## AIM OF THE EXERCISE:
In the records below, find the line with "Women Woven Bags" and the line with "Vector illustration, camping". Print both exactly, along with every line between them, and no other line.

## Data extracted from a collection:
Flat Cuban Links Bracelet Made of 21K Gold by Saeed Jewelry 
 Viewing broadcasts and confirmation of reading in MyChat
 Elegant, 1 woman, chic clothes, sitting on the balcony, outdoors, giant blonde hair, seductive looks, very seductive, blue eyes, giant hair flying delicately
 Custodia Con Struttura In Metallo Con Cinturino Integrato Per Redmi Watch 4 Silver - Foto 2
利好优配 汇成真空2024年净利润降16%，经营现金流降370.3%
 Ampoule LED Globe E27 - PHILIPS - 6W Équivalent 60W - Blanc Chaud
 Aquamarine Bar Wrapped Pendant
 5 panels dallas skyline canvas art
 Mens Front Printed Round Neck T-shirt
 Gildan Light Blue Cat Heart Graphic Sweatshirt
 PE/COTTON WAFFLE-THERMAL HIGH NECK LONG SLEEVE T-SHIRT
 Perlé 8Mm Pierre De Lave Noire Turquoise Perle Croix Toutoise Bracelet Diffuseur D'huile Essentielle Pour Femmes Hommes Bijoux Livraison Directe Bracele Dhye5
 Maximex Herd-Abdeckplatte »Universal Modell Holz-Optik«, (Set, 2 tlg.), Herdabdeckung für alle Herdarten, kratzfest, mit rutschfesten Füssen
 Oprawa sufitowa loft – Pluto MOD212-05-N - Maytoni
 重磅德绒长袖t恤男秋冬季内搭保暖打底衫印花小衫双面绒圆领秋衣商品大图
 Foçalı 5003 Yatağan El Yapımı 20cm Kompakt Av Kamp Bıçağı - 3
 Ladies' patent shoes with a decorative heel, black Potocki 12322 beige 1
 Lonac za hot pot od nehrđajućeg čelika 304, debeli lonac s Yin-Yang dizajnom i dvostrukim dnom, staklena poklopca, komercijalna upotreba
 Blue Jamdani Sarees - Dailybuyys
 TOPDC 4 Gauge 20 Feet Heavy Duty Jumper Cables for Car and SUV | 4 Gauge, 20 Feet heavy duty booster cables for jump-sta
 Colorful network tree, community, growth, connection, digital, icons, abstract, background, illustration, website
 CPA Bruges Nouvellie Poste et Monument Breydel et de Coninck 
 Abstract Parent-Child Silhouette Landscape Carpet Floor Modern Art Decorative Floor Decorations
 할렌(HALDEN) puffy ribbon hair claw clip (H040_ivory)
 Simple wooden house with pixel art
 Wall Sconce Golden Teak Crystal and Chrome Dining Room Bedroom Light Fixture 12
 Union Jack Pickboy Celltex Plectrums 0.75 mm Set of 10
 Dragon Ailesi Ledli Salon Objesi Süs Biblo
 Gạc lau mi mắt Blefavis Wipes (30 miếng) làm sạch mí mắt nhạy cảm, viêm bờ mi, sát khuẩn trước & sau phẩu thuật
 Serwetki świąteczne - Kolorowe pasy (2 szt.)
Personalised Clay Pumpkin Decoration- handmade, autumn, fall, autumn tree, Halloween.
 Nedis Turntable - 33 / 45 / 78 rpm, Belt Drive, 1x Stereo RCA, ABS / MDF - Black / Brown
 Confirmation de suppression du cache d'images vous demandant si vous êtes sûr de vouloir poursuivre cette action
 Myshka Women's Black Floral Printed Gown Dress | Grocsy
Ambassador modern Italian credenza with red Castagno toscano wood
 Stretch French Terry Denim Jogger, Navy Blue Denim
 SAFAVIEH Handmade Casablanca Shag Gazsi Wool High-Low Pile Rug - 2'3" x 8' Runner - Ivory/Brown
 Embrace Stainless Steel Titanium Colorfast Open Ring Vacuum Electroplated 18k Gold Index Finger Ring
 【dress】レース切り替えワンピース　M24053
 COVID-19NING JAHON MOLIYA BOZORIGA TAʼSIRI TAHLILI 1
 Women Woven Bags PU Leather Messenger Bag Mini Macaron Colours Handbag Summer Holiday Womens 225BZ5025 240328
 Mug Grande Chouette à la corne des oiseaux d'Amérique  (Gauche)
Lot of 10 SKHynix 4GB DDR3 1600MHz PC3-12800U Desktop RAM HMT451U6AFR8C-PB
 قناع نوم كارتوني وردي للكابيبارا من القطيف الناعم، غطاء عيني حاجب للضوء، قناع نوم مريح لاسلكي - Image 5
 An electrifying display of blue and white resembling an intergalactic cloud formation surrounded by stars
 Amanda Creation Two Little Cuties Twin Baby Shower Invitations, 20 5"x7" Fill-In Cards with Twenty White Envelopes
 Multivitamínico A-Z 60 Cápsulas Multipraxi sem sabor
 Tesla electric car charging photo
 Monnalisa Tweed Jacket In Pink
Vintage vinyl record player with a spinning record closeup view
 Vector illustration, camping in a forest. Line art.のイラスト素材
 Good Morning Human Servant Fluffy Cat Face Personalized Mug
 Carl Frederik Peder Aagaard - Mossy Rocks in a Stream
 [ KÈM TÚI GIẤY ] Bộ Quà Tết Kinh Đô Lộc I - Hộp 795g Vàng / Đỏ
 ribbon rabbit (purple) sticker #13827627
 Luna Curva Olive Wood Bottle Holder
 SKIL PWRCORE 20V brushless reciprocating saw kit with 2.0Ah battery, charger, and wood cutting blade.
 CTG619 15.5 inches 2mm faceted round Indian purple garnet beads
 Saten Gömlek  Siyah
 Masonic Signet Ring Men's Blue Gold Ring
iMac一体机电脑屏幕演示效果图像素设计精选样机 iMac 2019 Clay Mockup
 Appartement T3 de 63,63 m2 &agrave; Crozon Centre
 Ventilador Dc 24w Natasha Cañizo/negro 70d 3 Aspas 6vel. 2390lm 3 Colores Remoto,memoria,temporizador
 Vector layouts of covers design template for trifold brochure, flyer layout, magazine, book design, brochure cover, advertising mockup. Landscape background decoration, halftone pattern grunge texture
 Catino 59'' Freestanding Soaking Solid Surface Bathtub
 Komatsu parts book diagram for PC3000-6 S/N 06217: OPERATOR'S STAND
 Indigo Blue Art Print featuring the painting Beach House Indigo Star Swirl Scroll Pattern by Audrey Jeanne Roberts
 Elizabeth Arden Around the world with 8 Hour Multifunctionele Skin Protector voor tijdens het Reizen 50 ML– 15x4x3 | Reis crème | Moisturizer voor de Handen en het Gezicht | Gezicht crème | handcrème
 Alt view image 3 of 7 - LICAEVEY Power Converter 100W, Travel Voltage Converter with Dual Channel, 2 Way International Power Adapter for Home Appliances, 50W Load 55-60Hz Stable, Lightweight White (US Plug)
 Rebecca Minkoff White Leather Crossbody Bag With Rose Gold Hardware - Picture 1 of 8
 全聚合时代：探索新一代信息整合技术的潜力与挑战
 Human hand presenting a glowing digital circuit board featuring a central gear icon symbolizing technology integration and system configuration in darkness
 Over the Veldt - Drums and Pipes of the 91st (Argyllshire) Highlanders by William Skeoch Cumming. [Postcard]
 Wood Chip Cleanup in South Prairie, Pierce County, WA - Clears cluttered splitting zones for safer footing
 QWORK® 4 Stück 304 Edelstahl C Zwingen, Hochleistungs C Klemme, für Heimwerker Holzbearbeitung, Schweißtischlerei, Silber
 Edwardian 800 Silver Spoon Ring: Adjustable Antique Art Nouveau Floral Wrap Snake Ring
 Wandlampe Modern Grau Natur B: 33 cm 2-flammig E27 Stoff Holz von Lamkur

## SOLUTION BELOW:
 Women Woven Bags PU Leather Messenger Bag Mini Macaron Colours Handbag Summer Holiday Womens 225BZ5025 240328
 Mug Grande Chouette à la corne des oiseaux d'Amérique  (Gauche)
Lot of 10 SKHynix 4GB DDR3 1600MHz PC3-12800U Desktop RAM HMT451U6AFR8C-PB
 قناع نوم كارتوني وردي للكابيبارا من القطيف الناعم، غطاء عيني حاجب للضوء، قناع نوم مريح لاسلكي - Image 5
 An electrifying display of blue and white resembling an intergalactic cloud formation surrounded by stars
 Amanda Creation Two Little Cuties Twin Baby Shower Invitations, 20 5"x7" Fill-In Cards with Twenty White Envelopes
 Multivitamínico A-Z 60 Cápsulas Multipraxi sem sabor
 Tesla electric car charging photo
 Monnalisa Tweed Jacket In Pink
Vintage vinyl record player with a spinning record closeup view
 Vector illustration, camping in a forest. Line art.のイラスト素材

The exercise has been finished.